Call it self-care if you will. This small luxury and ritual might be just the thing to bring cozy comfort to your living room, too.

Last year, I posted a down-and-dirty video primer on Instagram and the warm response I received prompted me to finally get around to writing down my recipe to share with an even broader audience.

Here are a few things to know about each of the elements of my London Fog latte:

The tea. With citrusy notes of bergamot, Earl Grey tea has the aromatic personality to cut through the dairy richness of the milk and still play nice with the lavender. My favorite is the Earl Grey Supreme from Harney & Sons; the brand sells a lovely Victorian London Fog blend that includes lavender and vanilla already in it, if you don’t mind doubling up on those flavors. I also enjoy Earl Grey from Twinings, Fortnum & Mason and, locally in D.C., Teaism. My colleague Olga Massov recommends the “extra bergamot” Earl Grey from Upton Tea and the Earl Grey French Blue from Mariage Frères.

For the best flavor, loose-leaf is really what you want. And it doesn’t require much in the way of extra equipment — a simple strainer you can set over your mug will do when it comes time to pouring out the brewed tea. If you absolutely will only use tea bags, go with two instead of one. Brewing the tea for 5 minutes might sound like a lot, but remember it will be softened by the milk and syrup.

5 tips for a better cup — or pot — of tea

The lavender. Be sure you use culinary lavender! Whether you’re plucking buds from your backyard plant or buying it online, this is key. Either freshly picked (grab them before the purple flower blooms) or dried lavender will work here. Save a few buds for a pretty garnish, if desired.

The milk. I prefer reduced-fat (2 percent) milk because it splits the difference between lean skim milk and richer whole milk, but use what you like. Heating the milk in the microwave or on the stovetop briefly, until it’s about 150 degrees, primes it for frothing and cools down the very hot tea to the point that you can drink it almost right away. Don’t like the foam, or don’t have a frother? Use the steamed milk as is. Feel free to swap in a nondairy milk of your choice.

The syrup. We’re making what is called a “rich syrup” here, a simple syrup with a slightly higher proportion of sugar than water for a thicker, sweeter mixer for the tea. The primary flavor comes from steeping the lavender buds, but I add supporting players in the form of vanilla and almond extracts (use all vanilla if you have a nut allergy). The yield of the recipe gives you enough for 12 lattes (3/4 cup of syrup), though you could also use the syrup to flavor lemonade, sparkling water, cocktails and zero-proof drinks. Or try brushing it over cake. If you don’t want to make the lavender simple syrup, buy it from brands including Sonoma Syrup Co., Torani and Monin.

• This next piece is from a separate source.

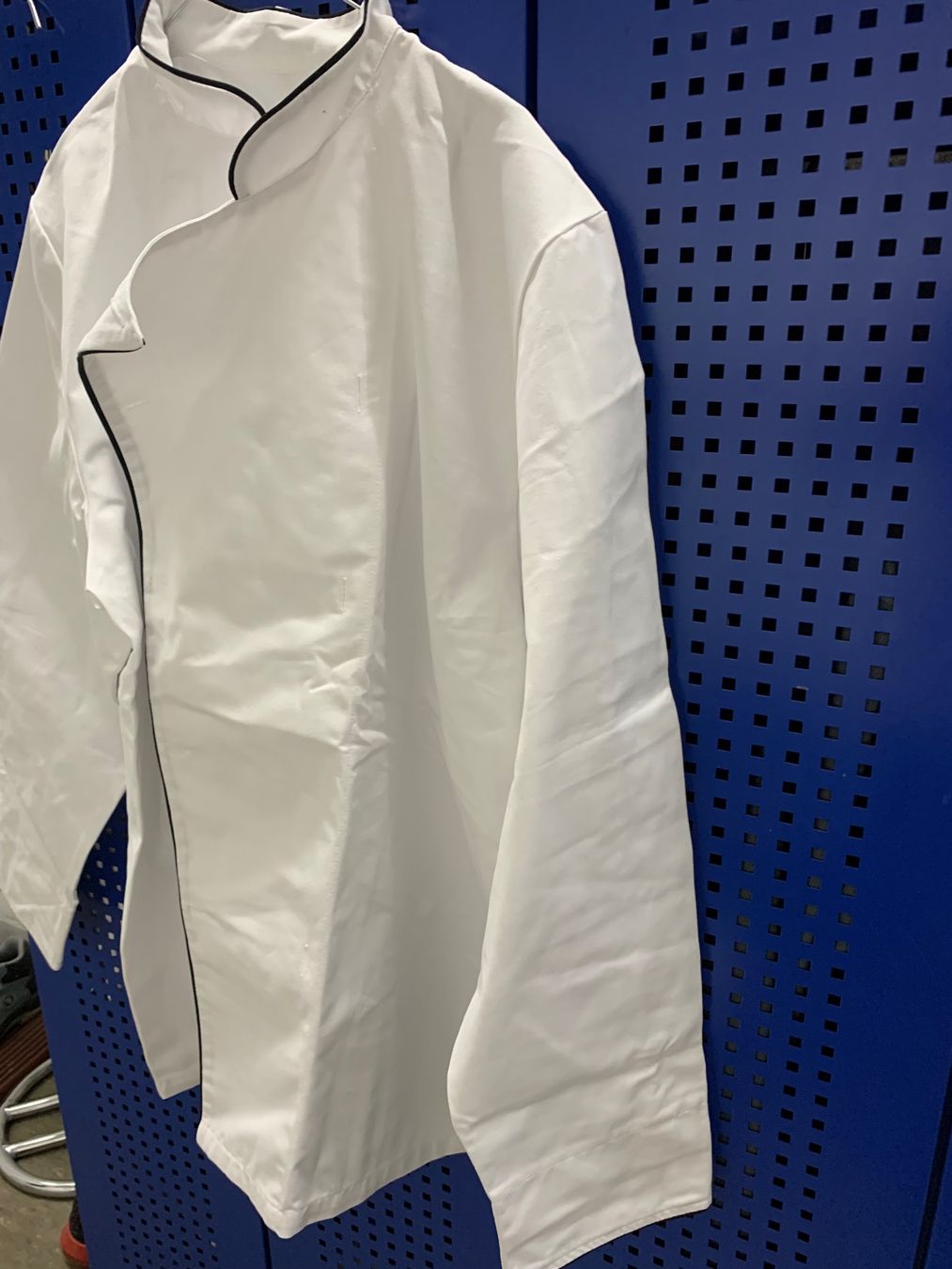 Jacken: Kochjacke Weiss Grösse XL neu – Neu (gemäss Beschreibung) aus Zürich von Olimpied 5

The equipment. I don’t use anything fancy. I steep the tea leaves in my go-to teapot with built-in strainer and froth the milk with an inexpensive handheld wand. I first saw the Peach Street frother recommended by Deb Perelman of Smitten Kitchen, and it’s a keeper. Be sure you have an extra-large mug for serving the drink — ideally with a capacity of more than 2 cups because of the volume of the drink and frothed milk. If not, portion it out incrementally or share with a friend. There’s definitely enough for two if you don’t feel like drinking it all. Not surprisingly, I always drink the whole thing.